• WHAT YOU SHOULD DO:
In this exercise, set down every entry that follows exactly as it appears.

• TASK INPUT:

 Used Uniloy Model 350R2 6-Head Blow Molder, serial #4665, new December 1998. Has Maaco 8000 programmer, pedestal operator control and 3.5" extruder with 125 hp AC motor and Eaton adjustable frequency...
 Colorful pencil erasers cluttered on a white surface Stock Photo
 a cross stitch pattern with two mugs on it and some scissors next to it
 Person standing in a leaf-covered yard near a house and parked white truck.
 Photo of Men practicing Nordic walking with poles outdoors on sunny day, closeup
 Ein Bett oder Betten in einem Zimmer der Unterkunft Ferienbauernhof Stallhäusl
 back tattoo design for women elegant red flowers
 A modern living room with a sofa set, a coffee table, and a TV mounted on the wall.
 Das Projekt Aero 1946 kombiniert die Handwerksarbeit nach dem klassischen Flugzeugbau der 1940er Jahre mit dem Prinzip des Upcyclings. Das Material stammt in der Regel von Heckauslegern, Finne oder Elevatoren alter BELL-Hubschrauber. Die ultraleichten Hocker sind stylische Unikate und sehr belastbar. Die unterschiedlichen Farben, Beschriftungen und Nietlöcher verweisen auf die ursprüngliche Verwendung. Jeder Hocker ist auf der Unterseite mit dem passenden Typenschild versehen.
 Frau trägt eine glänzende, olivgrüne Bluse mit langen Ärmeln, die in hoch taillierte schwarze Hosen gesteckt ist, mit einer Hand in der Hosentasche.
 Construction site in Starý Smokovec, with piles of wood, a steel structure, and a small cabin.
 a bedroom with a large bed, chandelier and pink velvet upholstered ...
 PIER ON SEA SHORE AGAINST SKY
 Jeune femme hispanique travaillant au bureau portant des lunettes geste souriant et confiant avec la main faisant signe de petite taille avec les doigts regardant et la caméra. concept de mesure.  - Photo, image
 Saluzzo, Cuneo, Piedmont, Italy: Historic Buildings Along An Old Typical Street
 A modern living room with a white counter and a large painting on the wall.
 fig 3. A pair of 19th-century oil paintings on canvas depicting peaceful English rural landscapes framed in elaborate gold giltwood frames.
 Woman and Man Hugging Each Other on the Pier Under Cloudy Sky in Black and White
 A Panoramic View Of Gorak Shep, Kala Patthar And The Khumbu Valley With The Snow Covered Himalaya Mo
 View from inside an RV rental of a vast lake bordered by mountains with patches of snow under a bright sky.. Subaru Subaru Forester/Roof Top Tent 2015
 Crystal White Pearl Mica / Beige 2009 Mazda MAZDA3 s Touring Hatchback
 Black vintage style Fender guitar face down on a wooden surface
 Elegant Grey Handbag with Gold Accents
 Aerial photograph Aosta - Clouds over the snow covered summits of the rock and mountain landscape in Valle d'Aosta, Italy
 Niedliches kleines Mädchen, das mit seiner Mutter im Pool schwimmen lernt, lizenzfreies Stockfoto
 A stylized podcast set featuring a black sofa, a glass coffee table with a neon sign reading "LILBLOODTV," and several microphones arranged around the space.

• ANSWER:
 Used Uniloy Model 350R2 6-Head Blow Molder, serial #4665, new December 1998. Has Maaco 8000 programmer, pedestal operator control and 3.5" extruder with 125 hp AC motor and Eaton adjustable frequency...
 Colorful pencil erasers cluttered on a white surface Stock Photo
 a cross stitch pattern with two mugs on it and some scissors next to it
 Person standing in a leaf-covered yard near a house and parked white truck.
 Photo of Men practicing Nordic walking with poles outdoors on sunny day, closeup
 Ein Bett oder Betten in einem Zimmer der Unterkunft Ferienbauernhof Stallhäusl
 back tattoo design for women elegant red flowers
 A modern living room with a sofa set, a coffee table, and a TV mounted on the wall.
 Das Projekt Aero 1946 kombiniert die Handwerksarbeit nach dem klassischen Flugzeugbau der 1940er Jahre mit dem Prinzip des Upcyclings. Das Material stammt in der Regel von Heckauslegern, Finne oder Elevatoren alter BELL-Hubschrauber. Die ultraleichten Hocker sind stylische Unikate und sehr belastbar. Die unterschiedlichen Farben, Beschriftungen und Nietlöcher verweisen auf die ursprüngliche Verwendung. Jeder Hocker ist auf der Unterseite mit dem passenden Typenschild versehen.
 Frau trägt eine glänzende, olivgrüne Bluse mit langen Ärmeln, die in hoch taillierte schwarze Hosen gesteckt ist, mit einer Hand in der Hosentasche.
 Construction site in Starý Smokovec, with piles of wood, a steel structure, and a small cabin.
 a bedroom with a large bed, chandelier and pink velvet upholstered ...
 PIER ON SEA SHORE AGAINST SKY
 Jeune femme hispanique travaillant au bureau portant des lunettes geste souriant et confiant avec la main faisant signe de petite taille avec les doigts regardant et la caméra. concept de mesure.  - Photo, image
 Saluzzo, Cuneo, Piedmont, Italy: Historic Buildings Along An Old Typical Street
 A modern living room with a white counter and a large painting on the wall.
 fig 3. A pair of 19th-century oil paintings on canvas depicting peaceful English rural landscapes framed in elaborate gold giltwood frames.
 Woman and Man Hugging Each Other on the Pier Under Cloudy Sky in Black and White
 A Panoramic View Of Gorak Shep, Kala Patthar And The Khumbu Valley With The Snow Covered Himalaya Mo
 View from inside an RV rental of a vast lake bordered by mountains with patches of snow under a bright sky.. Subaru Subaru Forester/Roof Top Tent 2015
 Crystal White Pearl Mica / Beige 2009 Mazda MAZDA3 s Touring Hatchback
 Black vintage style Fender guitar face down on a wooden surface
 Elegant Grey Handbag with Gold Accents
 Aerial photograph Aosta - Clouds over the snow covered summits of the rock and mountain landscape in Valle d'Aosta, Italy
 Niedliches kleines Mädchen, das mit seiner Mutter im Pool schwimmen lernt, lizenzfreies Stockfoto
 A stylized podcast set featuring a black sofa, a glass coffee table with a neon sign reading "LILBLOODTV," and several microphones arranged around the space.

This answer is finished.